The AEWMACD algorithm utilizes a single-band feature as its input. As noted by Brooks et al. [20,32], relying on a single feature may result in greater errors compared to the use of multiple features. This is because some features exhibit higher sensitivity to specific disturbances. For instance, the Normalized Burn Ratio (NBR) offers significant advantages in forest fire and harvest detection as it yields values greater than those resulting from road construction and insect activity [44]. Additionally, in the case of harvest, the Shortwave Infrared 1 (SWIR1) band tends to display higher values than those following a fire [45]. Algorithms that incorporate multiple features or Landsat image bands tend to achieve higher detection accuracy, as exemplified by CCDC and COLD. Additionally, scholars have introduced the MAEWMA chart [46] as an extension of the MEWMA chart [47] and AEWMA chart, demonstrating superior results in quality control processes [48,49,50,51]. The MAEWMA chart utilizes multidimensional features for quality control detection, providing a new approach to incorporating spectral, temporal, and spatial characteristics into change detection algorithms.
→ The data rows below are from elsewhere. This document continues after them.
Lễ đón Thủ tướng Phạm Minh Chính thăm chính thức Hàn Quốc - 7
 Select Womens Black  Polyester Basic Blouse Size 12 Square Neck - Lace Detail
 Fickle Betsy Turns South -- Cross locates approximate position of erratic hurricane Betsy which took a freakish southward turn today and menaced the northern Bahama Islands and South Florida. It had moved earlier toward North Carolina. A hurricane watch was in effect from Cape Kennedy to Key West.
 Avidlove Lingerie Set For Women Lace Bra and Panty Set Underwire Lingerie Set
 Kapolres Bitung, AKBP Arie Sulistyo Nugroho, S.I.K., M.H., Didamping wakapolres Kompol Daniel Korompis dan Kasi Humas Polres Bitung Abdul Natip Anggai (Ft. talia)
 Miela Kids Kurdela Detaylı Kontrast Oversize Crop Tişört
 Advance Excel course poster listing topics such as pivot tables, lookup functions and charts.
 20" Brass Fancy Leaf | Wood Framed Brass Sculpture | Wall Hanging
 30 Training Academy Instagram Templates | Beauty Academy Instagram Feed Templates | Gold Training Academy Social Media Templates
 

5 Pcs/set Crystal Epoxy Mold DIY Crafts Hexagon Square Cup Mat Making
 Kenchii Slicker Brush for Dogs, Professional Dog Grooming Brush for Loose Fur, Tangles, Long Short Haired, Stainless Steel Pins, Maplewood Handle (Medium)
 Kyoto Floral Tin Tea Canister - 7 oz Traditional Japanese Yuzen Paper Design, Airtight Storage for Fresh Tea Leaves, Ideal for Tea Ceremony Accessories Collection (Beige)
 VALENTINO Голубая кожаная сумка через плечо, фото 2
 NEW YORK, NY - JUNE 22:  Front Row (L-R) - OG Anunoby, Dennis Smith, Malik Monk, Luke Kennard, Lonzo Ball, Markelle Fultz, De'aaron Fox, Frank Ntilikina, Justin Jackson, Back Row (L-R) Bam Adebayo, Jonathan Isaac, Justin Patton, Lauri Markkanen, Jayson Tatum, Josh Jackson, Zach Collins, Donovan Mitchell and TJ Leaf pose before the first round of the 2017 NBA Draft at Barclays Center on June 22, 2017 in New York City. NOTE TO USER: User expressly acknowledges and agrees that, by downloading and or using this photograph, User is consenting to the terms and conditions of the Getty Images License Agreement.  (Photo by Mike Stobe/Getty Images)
The pursuit of this multi-feature-based approach holds potential for future research.

During our experiments, we encountered another issue concerning the influence of image quality on detection accuracy. Specifically, regions with continuous thin cloud shadows could be erroneously identified as disturbances. Although the Shewhart X-bar chart can help to eliminate outliers caused by clouds or shadows, it does not entirely eliminate errors, as shown in Figure 12. This will be explored in our future research. Furthermore, some pixel values may not exceed the control limits, primarily due to minor spectral variations, which could potentially lead to omission errors. However, neighboring pixels may exhibit more significant differences and be correctly identified as disturbances. To mitigate this concern, we intend to incorporate an object-based change detection method [52] to filter out these omission errors, ensuring the completeness of detected patches within the same region [53].

Additionally, the detection algorithm only detected forest disturbances and did not differentiate between disturbance types. This limitation restricts their utility for forest resource management. Therefore, in future research, we intend to integrate classification algorithms into the change detection process to attribute various intensities of disturbances.

6. Conclusions

In this study, we proposed an online change detection algorithm known as AEWMACD for detecting forest disturbances with different intensities. EWMACD algorithms determine changes using fixed smoothing coefficients, which poses challenges when both high- and low-intensity disturbances occur. To address the limitation, the proposed AEWMACD algorithm can adaptively adjust smoothing coefficients to enhance its effectiveness in multi-intensity disturbance detection. It showed a rapid response of the AEWMACD algorithm to high-intensity disturbances, and the sensitivity to low-intensity disturbances proved the potentiality of the algorithm for early warning. The proposed AEWMACD algorithm presents an alternative for quickly and accurately capturing diverse forest disturbance agents driven by natural causes and human activities, laying the foundation for subsequent attribution of forest disturbance agents. In future endeavors, the emphasis will be on optimizing the method for regions characterized by diverse tree species, with the goal of achieving broader applications. Additionally, further research will be conducted to address challenges related to multiple features, object-based approaches, and the classification of disturbance types.